● **WHAT NEEDS TO BE DONE**:
The records below are to be transcribed exactly from their first line to the line that has "Balloncluster (Voorkant Horizontaal)", inclusive, with every picture omitted.

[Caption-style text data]
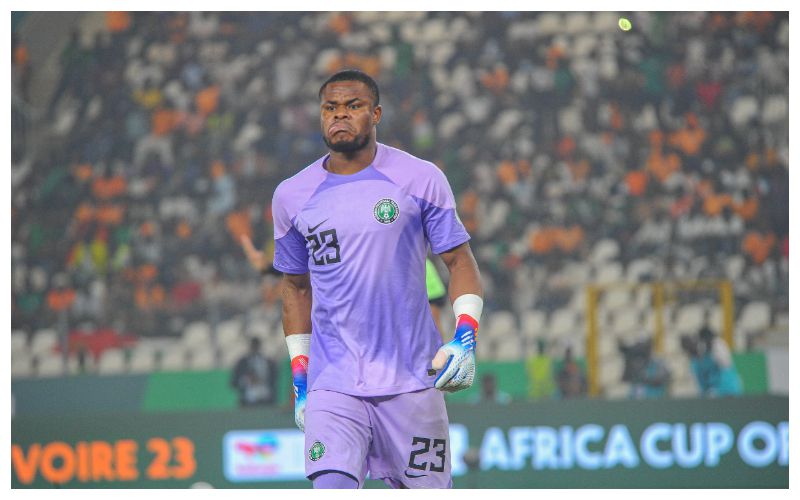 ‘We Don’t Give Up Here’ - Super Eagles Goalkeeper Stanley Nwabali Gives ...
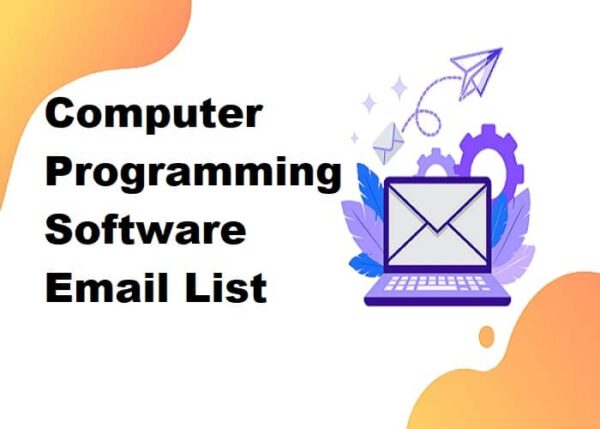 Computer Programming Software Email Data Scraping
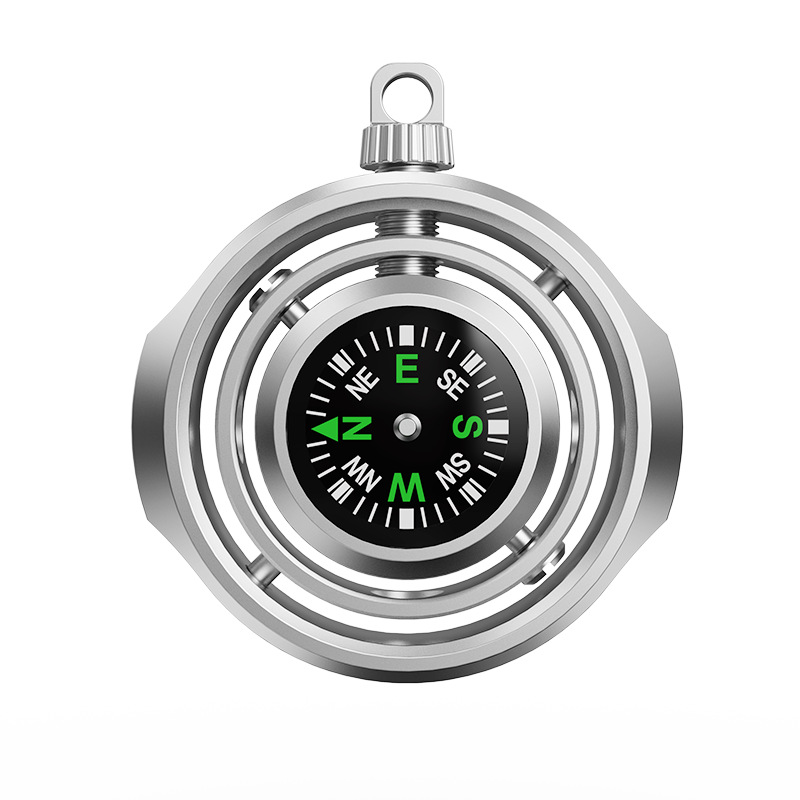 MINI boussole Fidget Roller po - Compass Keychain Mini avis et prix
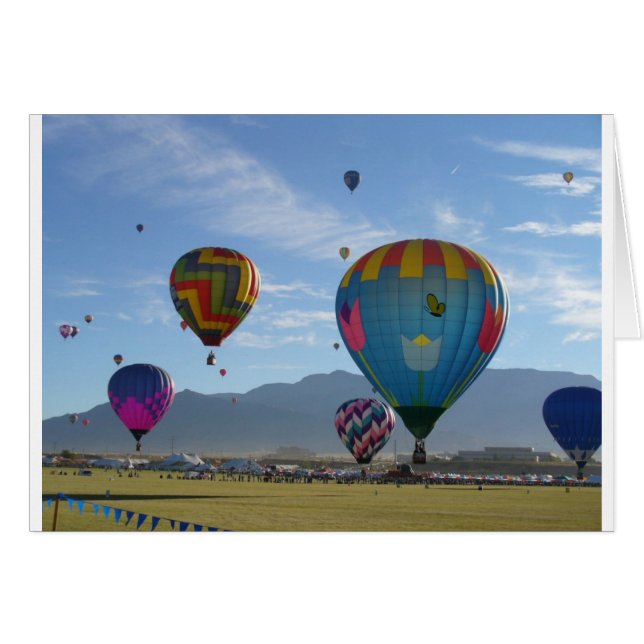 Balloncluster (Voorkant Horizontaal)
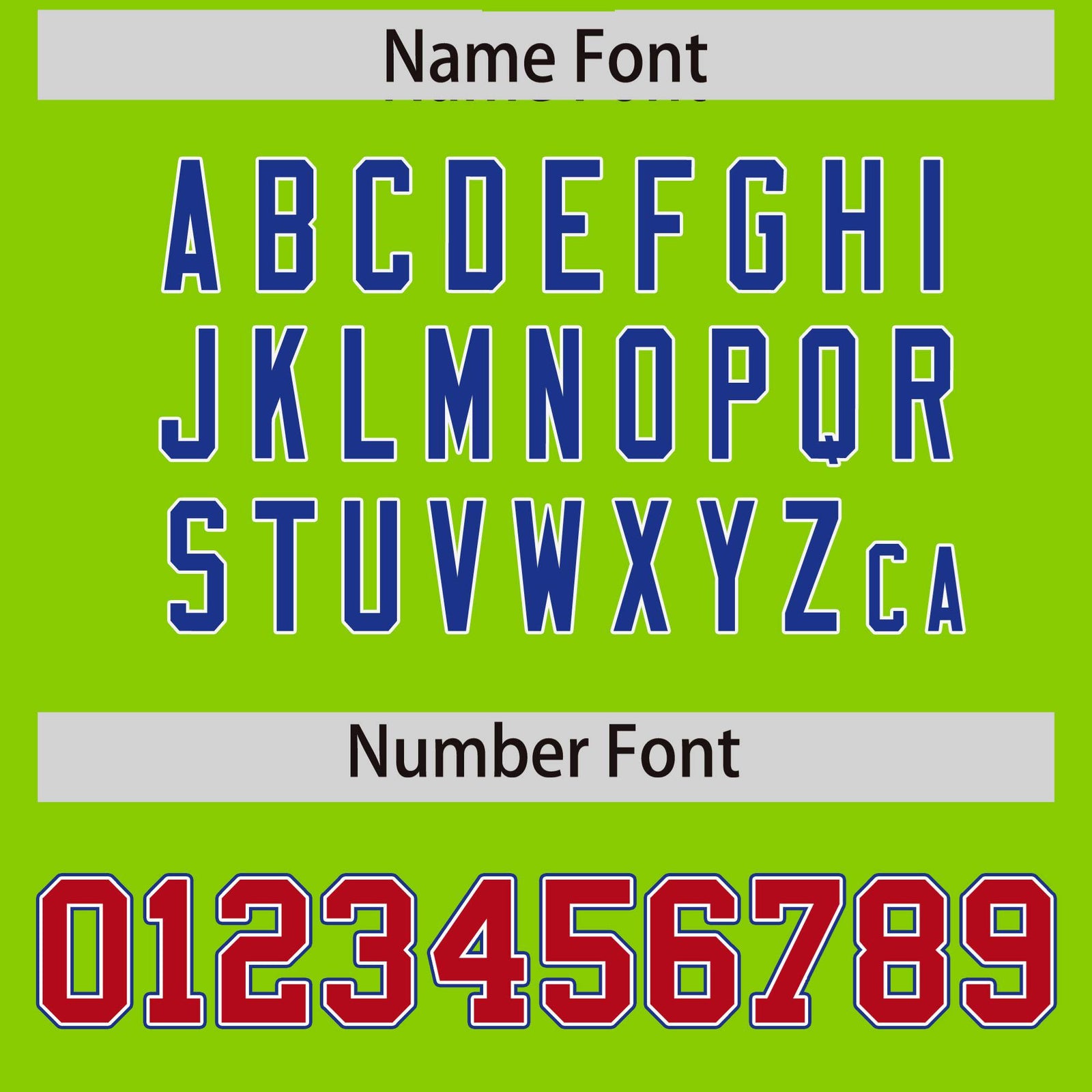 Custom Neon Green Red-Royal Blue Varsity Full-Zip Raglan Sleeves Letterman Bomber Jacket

● **WORKED SOLUTION**:
 ‘We Don’t Give Up Here’ - Super Eagles Goalkeeper Stanley Nwabali Gives ...
 Computer Programming Software Email Data Scraping
 MINI boussole Fidget Roller po - Compass Keychain Mini avis et prix
 Balloncluster (Voorkant Horizontaal)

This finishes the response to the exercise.